> [TRY IT]:
Exact transcript, pictures excluded: write out every record below.

Brief descriptive captions

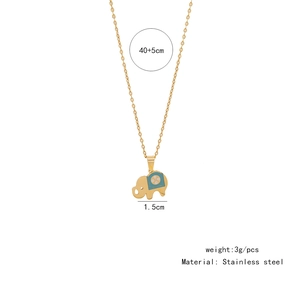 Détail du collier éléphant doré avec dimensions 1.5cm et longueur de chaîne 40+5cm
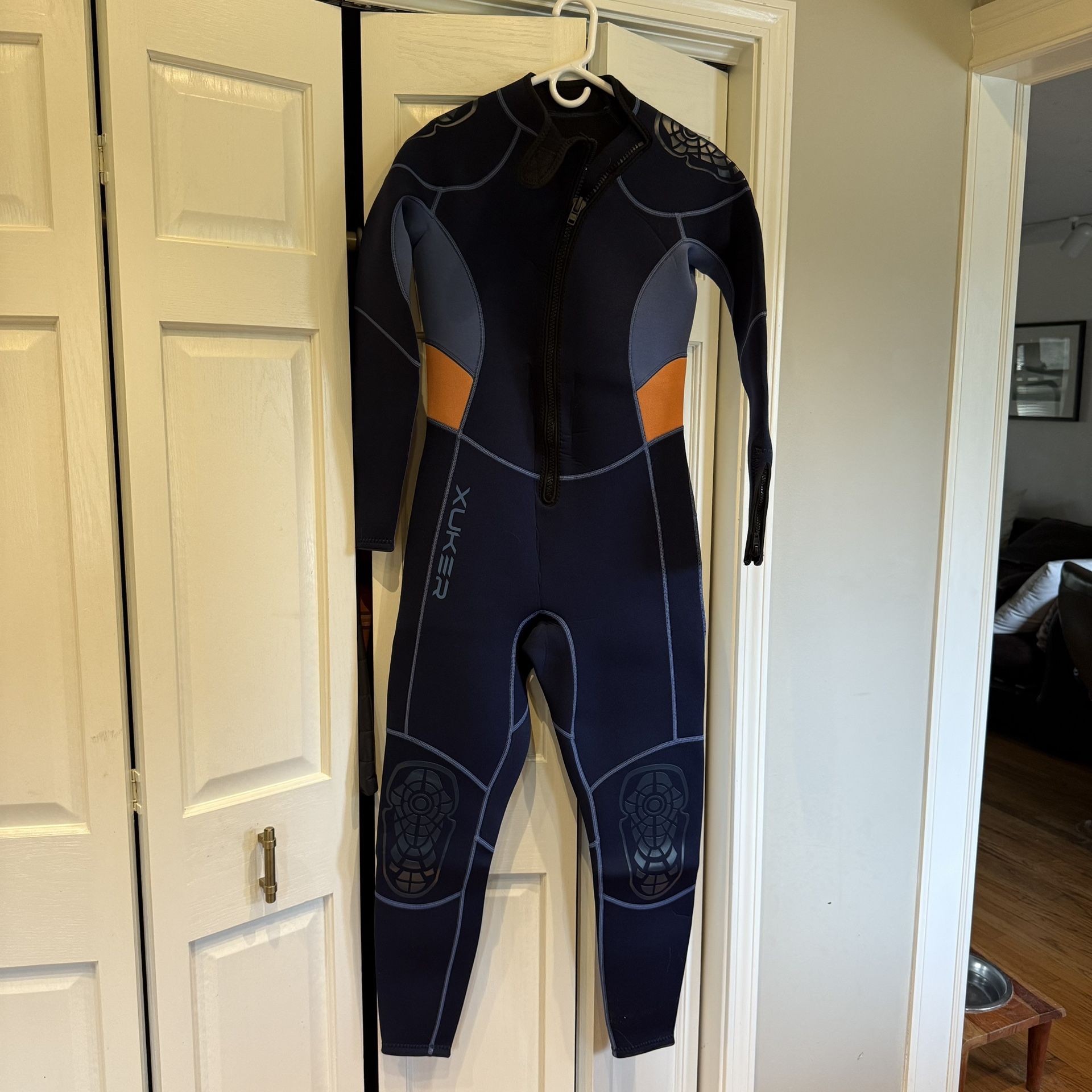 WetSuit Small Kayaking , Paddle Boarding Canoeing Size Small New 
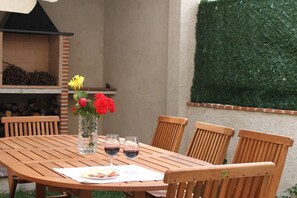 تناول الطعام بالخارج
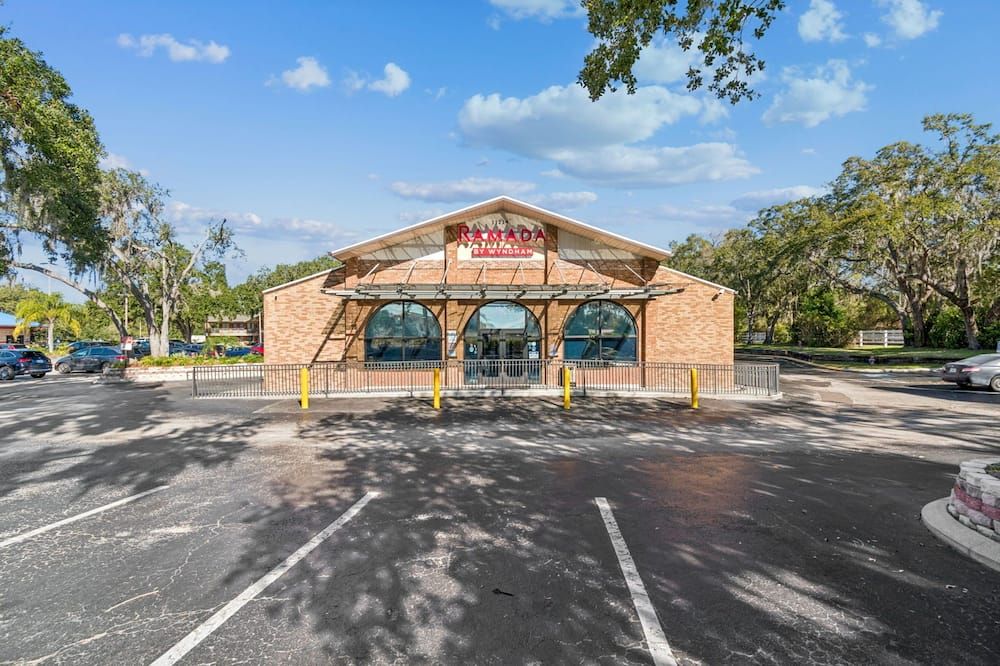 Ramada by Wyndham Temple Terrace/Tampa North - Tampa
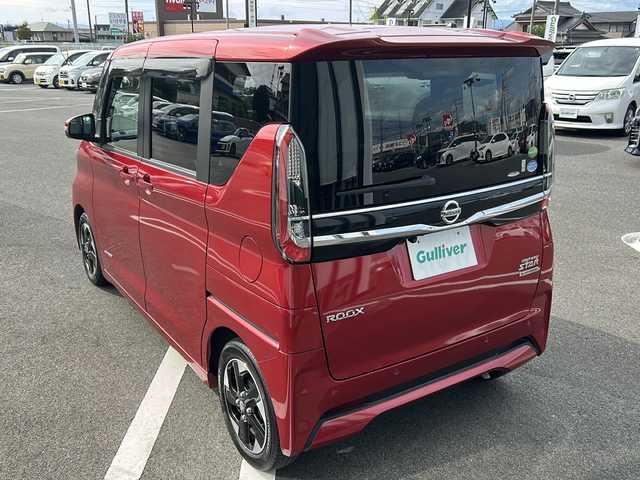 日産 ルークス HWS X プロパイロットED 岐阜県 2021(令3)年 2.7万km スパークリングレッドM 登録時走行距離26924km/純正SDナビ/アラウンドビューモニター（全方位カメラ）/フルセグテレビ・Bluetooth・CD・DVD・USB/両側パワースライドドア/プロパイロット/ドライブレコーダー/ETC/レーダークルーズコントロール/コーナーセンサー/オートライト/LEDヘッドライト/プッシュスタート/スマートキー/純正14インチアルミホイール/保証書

> [SOLUTION FOR THIS EXERCISE]:
 Détail du collier éléphant doré avec dimensions 1.5cm et longueur de chaîne 40+5cm
 WetSuit Small Kayaking , Paddle Boarding Canoeing Size Small New 
 تناول الطعام بالخارج
 Ramada by Wyndham Temple Terrace/Tampa North - Tampa
 日産 ルークス HWS X プロパイロットED 岐阜県 2021(令3)年 2.7万km スパークリングレッドM 登録時走行距離26924km/純正SDナビ/アラウンドビューモニター（全方位カメラ）/フルセグテレビ・Bluetooth・CD・DVD・USB/両側パワースライドドア/プロパイロット/ドライブレコーダー/ETC/レーダークルーズコントロール/コーナーセンサー/オートライト/LEDヘッドライト/プッシュスタート/スマートキー/純正14インチアルミホイール/保証書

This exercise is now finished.